P15 - Role of kinase-coupled TRP channels in Mg2+ homeostasis: From mouse models to human disease
TRPM6 and TRPM7 are bifunctional proteins comprising a TRP channel segment linked to an α-type protein kinase. Mutations in the human TRPM6 gene cause a familial form of hypomagnesemia. Mechanistically, the regulation of Mg2+ homeostasis and the pathophysiology of TRPM6 mutations are poorly understood. This project will address these issues capitalizing on novel mouse models, antibodies, and ligands. Conditional disruption of the Trpm6 gene results in severe Mg2+ depletion and a syndrome resembling premature aging. Thus, the project will grant insight into the role of Mg2+ in physiology and dissect the relationship between an essential nutrient and cell metabolism and aging.

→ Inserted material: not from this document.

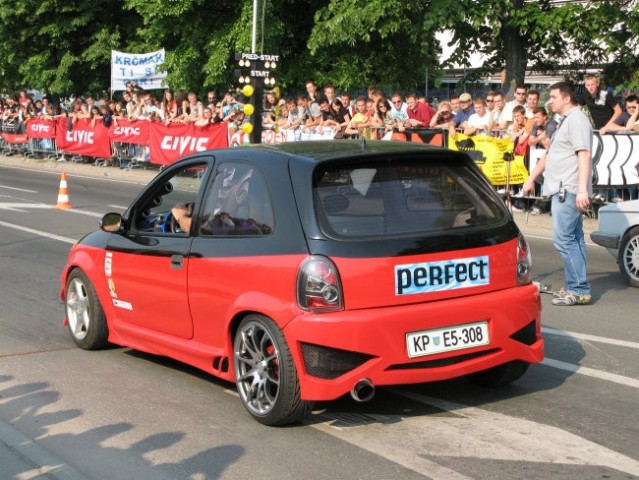 Drag race ms 2007 - foto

Figure. Interplay of TRPM6 and TRPM7 kinase-coupled channel complexes in the control of Mg2+ transport by epithelial cells.
Left: Apical localisation of TRPM6 protein in distal convoluted tubules of mouse kidney as assessed by a TRPM6-specific antibody.
Right: Current model of the role of TRPM6 and TRPM7 in transcellular Mg2+ transport. TRPM6 co-functions with TRPM7 to ensure a high rate of Mg2+ uptake by epithelial cells.